The Lost HeroineVinu Abraham | Translated from Malayalam by CS Venkiteswaran and Arathy Ashok
176 pages|₹ 299
(Illustration: Saurabh Singh)
IN A WORLD far removed from now, the first Malayalam film was produced and released in erstwhile Travancore on October 23rd, 1930. But what was the beginning of a great history, the first screening of Vigathakumaran (Lost Child) at the Capitol Cinema Hall in Trivandrum, ended in disaster for some.
The first heroine of Malayalam cinema, PK Rosy, was forced to flee her hometown, Trivandrum, in the ruckus raised by the casteist forces. Because, she was an untouchable, a Dalit, playing the role of an upper-caste woman in the movie. She was already a pioneer in taking on female roles in the folk form Kakkaarissi and had had her setbacks there too.
She was never heard of again.
When Vinu Abraham, a writer of short fiction in Malayalam, stumbled on this piece of ignored history of Malayalam cinema, he was intrigued enough to chase the tale of the ‘Lost Heroine’. Some material compiled by dedicated researchers was available but it had more gaps than information. And not even a mugshot of the lady was to be found. But the story of Rosy, by then, demanded to be documented in fiction. And Vinu Abraham admits he understood the need for liberal doses of imagination to complete his mission.
The novel Nashta Nayika (Lost Heroine) came out in 2008, and since then, Rosy’s story has fused into the Keralan culture-o-scope, both aurally and visually. The biggest take-off of the novel was, perhaps, the movie Celluloid (2013), which collected awards galore. A delectable and fully justified English translation of Nashta Nayika (2020), by CS Venkiteswaran and Arathy Ashok, brings the story of PK Rosy to the non-Malayali audience.
The well-preserved sense of ‘local’, and the light and non-intrusive approach to translation works well. The style of multiple translators is worked seamlessly into the text.
The innate culture of a language has its subtexts which can be lost in translation. Alternatively, this is seen adapted suitably into the tapestry of the target language. It’s the translator’s challenge to keep a fine balance. A ‘literal’ translation, where one ‘hears’ the original tongue, does bear the risk of the text sounding awkward in English. As AK Ramanujan says, ‘A translator hopes not only to translate a text, but… to translate a non-native reader into a native one.’

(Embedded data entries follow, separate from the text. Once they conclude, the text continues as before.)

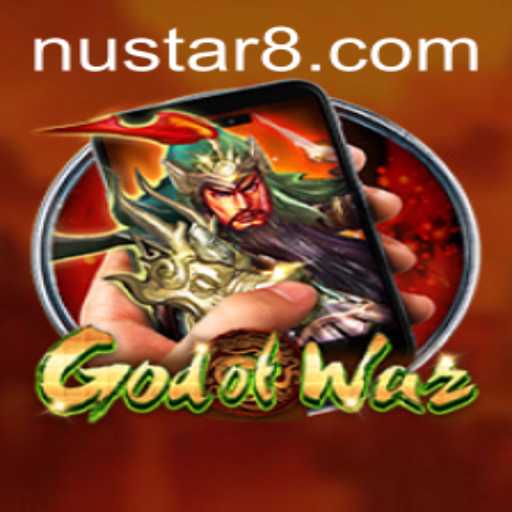 Tabletop Game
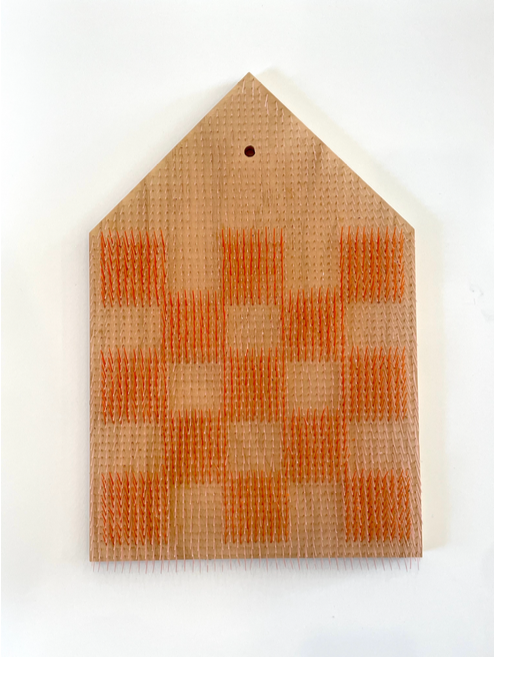 Screenshot 2025-12-05 at 10.49.33 AM.png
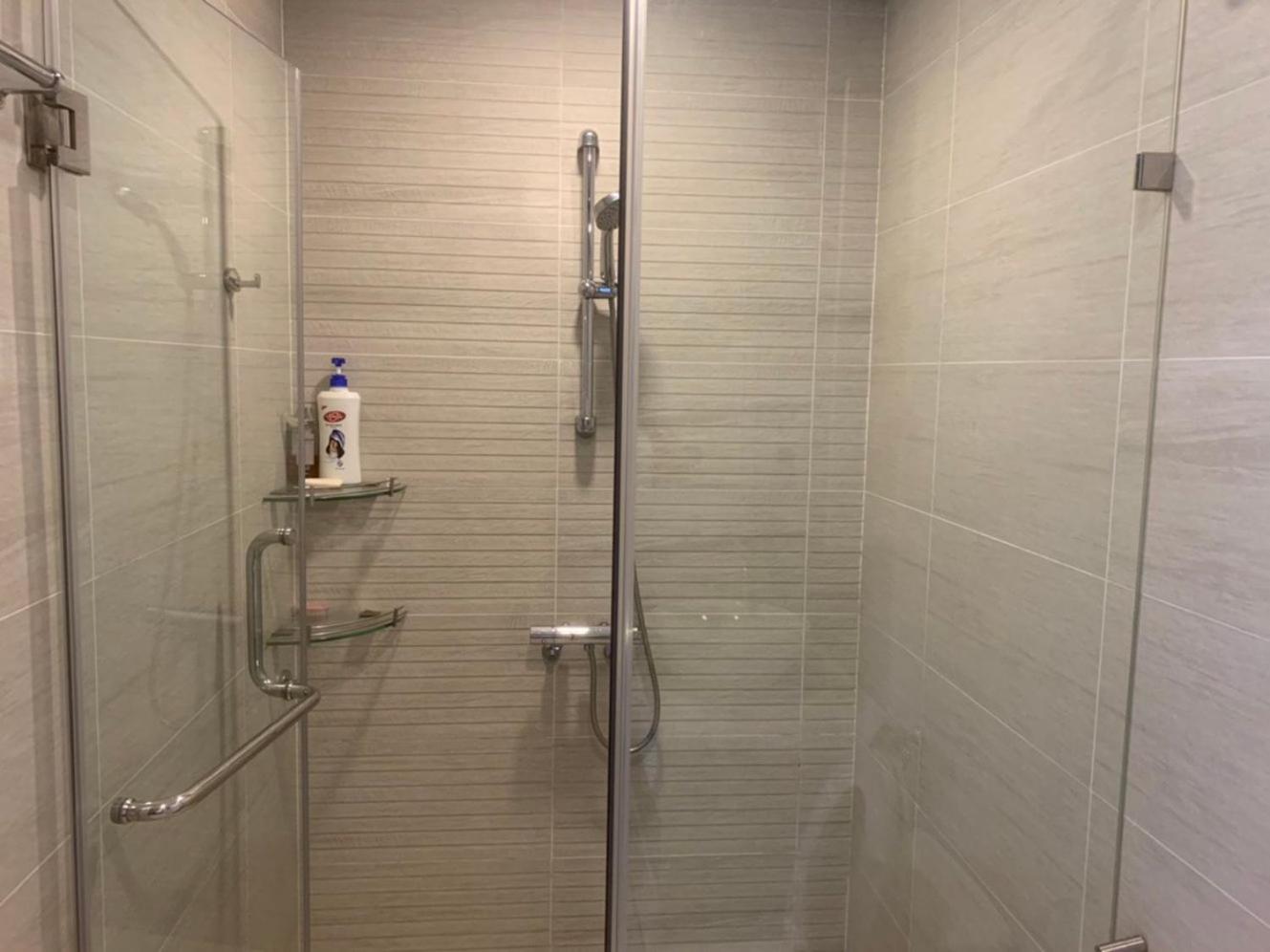 Aspire City View Vincentral Binh Thanh Apartment
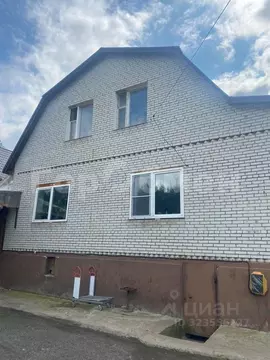 Дом в Московская область, Раменский муниципальный округ, д. Шмеленки ...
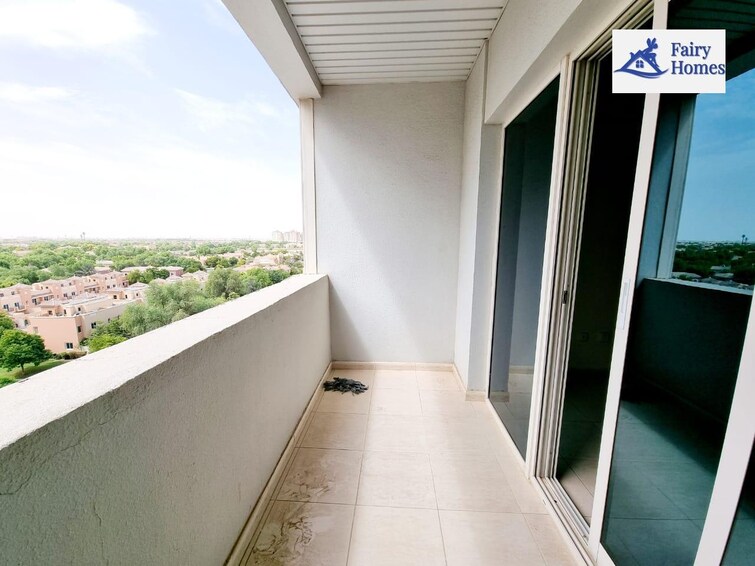  Apartment for Sale, Dubai Sports City, Dubai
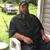 Wiley Hudson's profile image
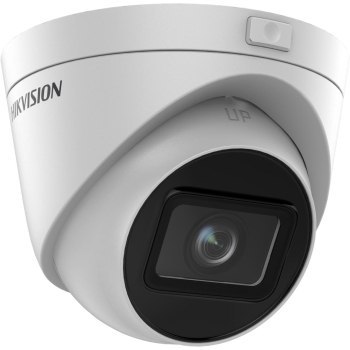 Kamera IP HIKVISION DS-2CD1H23G0-IZ(2.8-12mm)(C) Kamera IP HIKVISION DS-2CD1H23G0-IZ(2.8-12mm)(C)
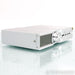 iFi Audio NEO Stream Wireless Network Streamer
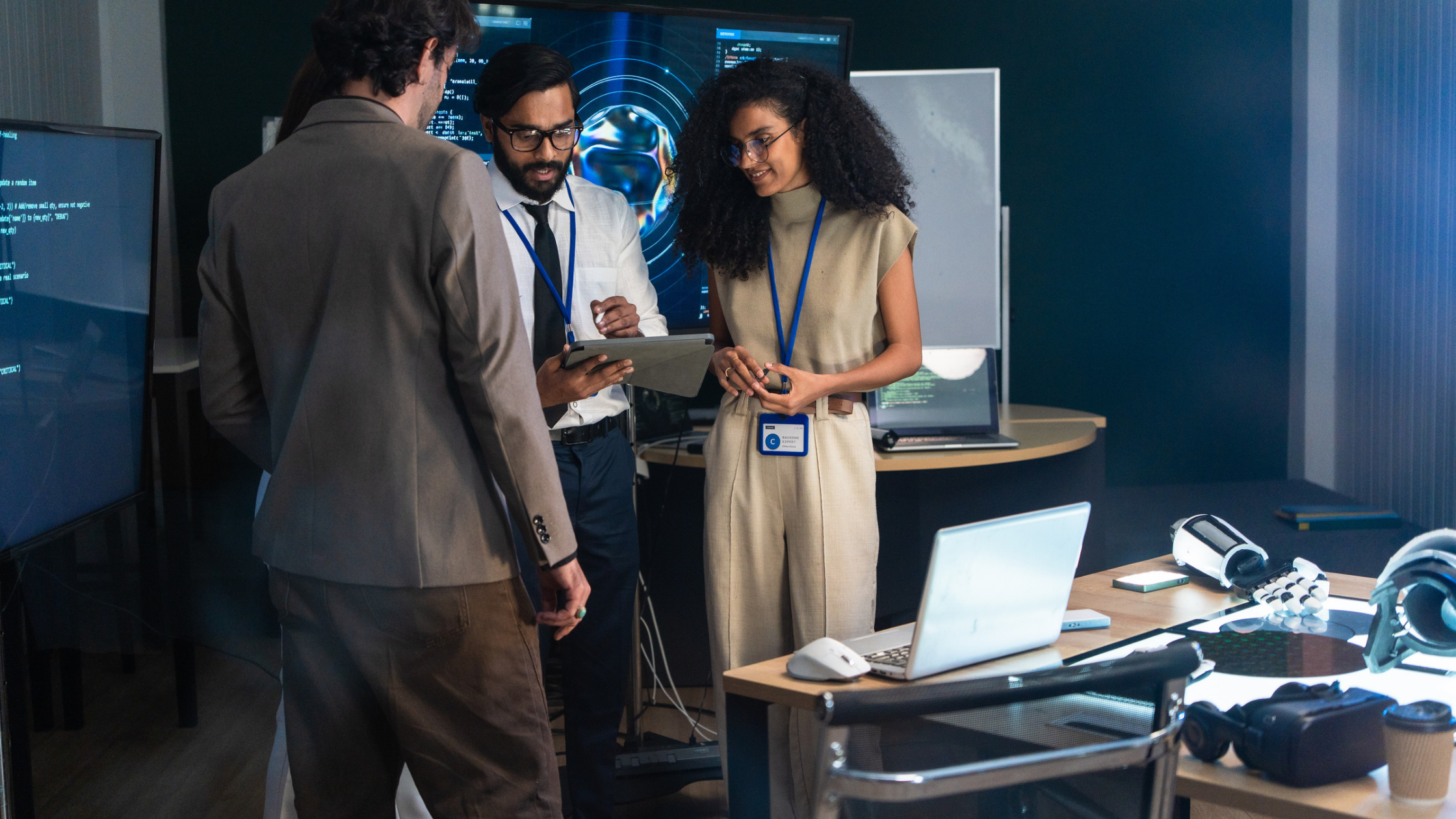 6 CAFM Software Platforms to Compare for Easy Setup and Clear Terms in 2026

In the particular case of texts transported from Indian languages to English, there often is displayed a sheer necessity to anglicise the bouquet of the argot. Arguably, this dilutes the flavour of the culture in focus. Metaphors and sentence structures also vary from language to language.
Lakshmi Holmstrom has famously preserved the ‘Tamilness’ of Salma’s The Hour Past Midnight in her English translation by retaining metaphors and not altering linguistic structures of the source language. Her retaining the metaphor of the ‘tamarind branch’ for ‘a catch’ is an example. This maintains the case for the untranslated and unannotated word and also for two levels of translation: the popular translation as we have known it and an academic translation as is increasingly endeavoured.
The Lost Heroine has likewise conserved the flavour of the original text in Malayalam, with lexis like ‘sayip’, ‘Koche’, ‘Penne’, ‘Edi’, ‘vaidya’ ‘tharavad’, etcetera, with random capitalisation as quoted. And therefore, the references to the ‘porridge for supper’, ‘gruel’, ‘boiled asparagus and chilly chutney’, ‘tapioca and fish curry’ comes across as dissonant. The cultural context of cuisine and its role in placing the protagonist in the intended social band are too precious to let go in translation, especially in a period story.
Also, the mother is referred variously as ‘Amma’, ‘Ammachi’ and addressed once by Rosy as ‘Mother’. Again, when the upper-caste moral brigade foul-mouths Rosy, it’s ‘aruvanichi’ at various places and ‘whore’ and ‘slut’ at others. An editorial consistency would have saved the translation from such glitches.
Rosy’s story is one that should be announced to the wide, wide world. Lost Heroine rises finely to this occasion.